▸ **Available data**:
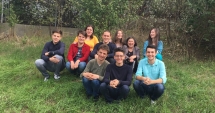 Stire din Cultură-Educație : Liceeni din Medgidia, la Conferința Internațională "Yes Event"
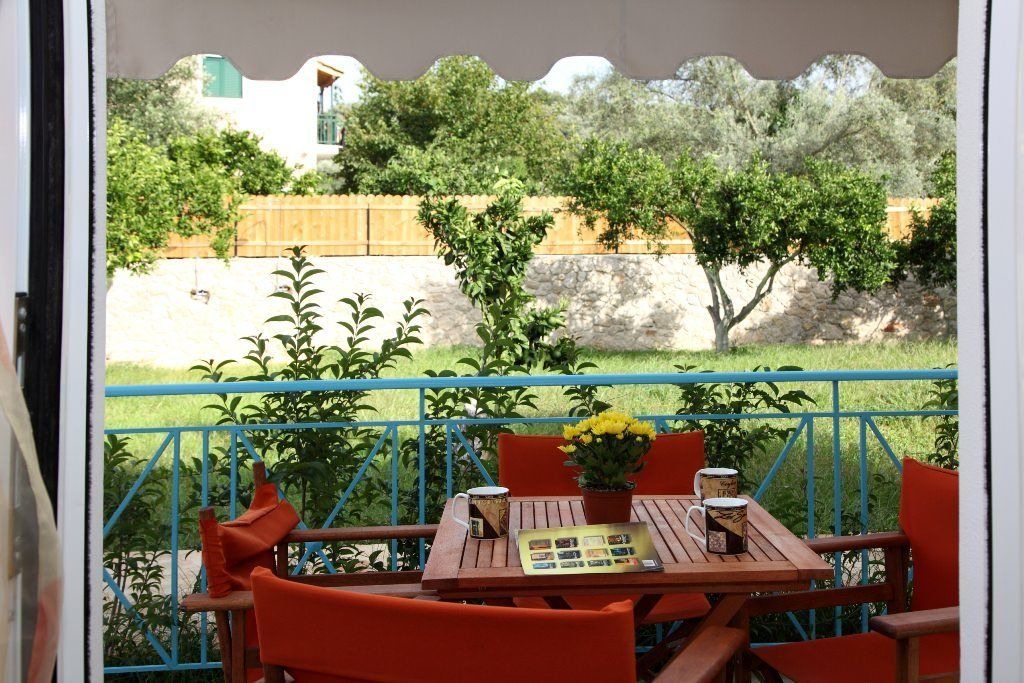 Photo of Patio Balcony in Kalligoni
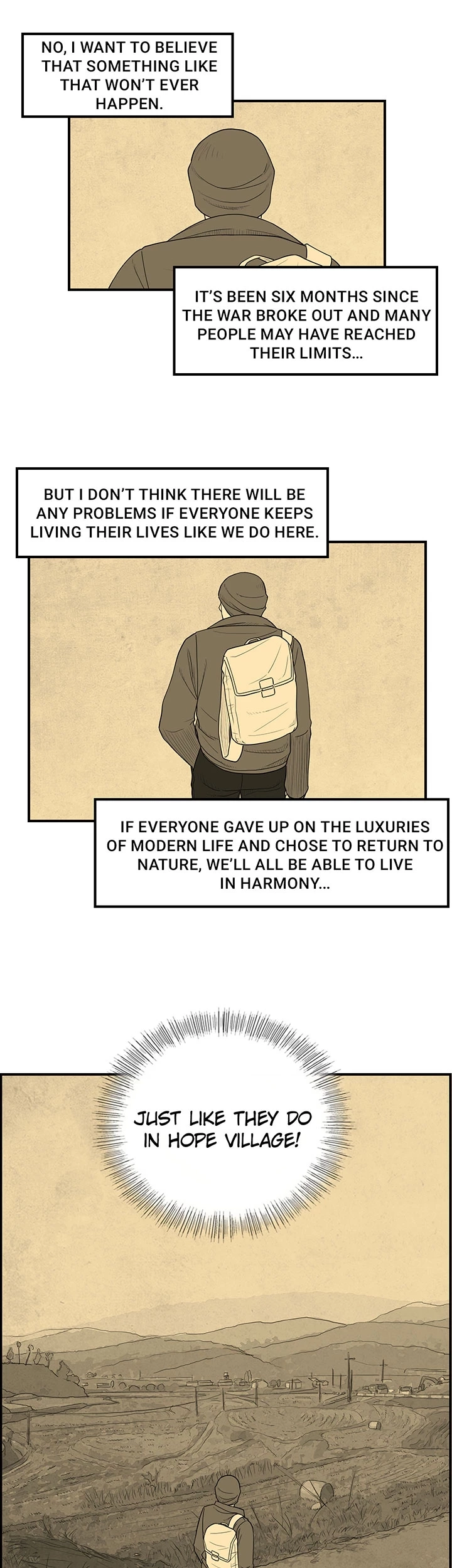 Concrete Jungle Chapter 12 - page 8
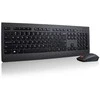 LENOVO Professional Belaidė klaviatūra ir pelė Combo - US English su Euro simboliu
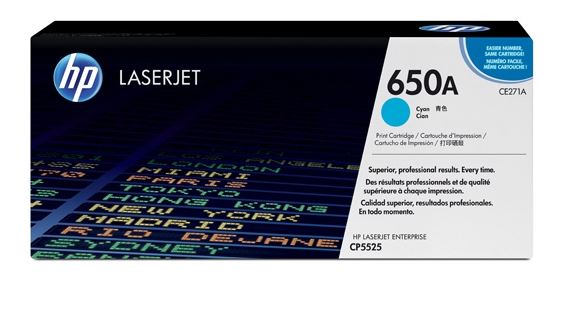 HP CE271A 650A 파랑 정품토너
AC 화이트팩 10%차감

▸ **Your goal**: An exact, image-free transcription of all the records above is needed.

▸ **Response**:
 Stire din Cultură-Educație : Liceeni din Medgidia, la Conferința Internațională "Yes Event"
 Photo of Patio Balcony in Kalligoni
 Concrete Jungle Chapter 12 - page 8
 LENOVO Professional Belaidė klaviatūra ir pelė Combo - US English su Euro simboliu
 HP CE271A 650A 파랑 정품토너
AC 화이트팩 10%차감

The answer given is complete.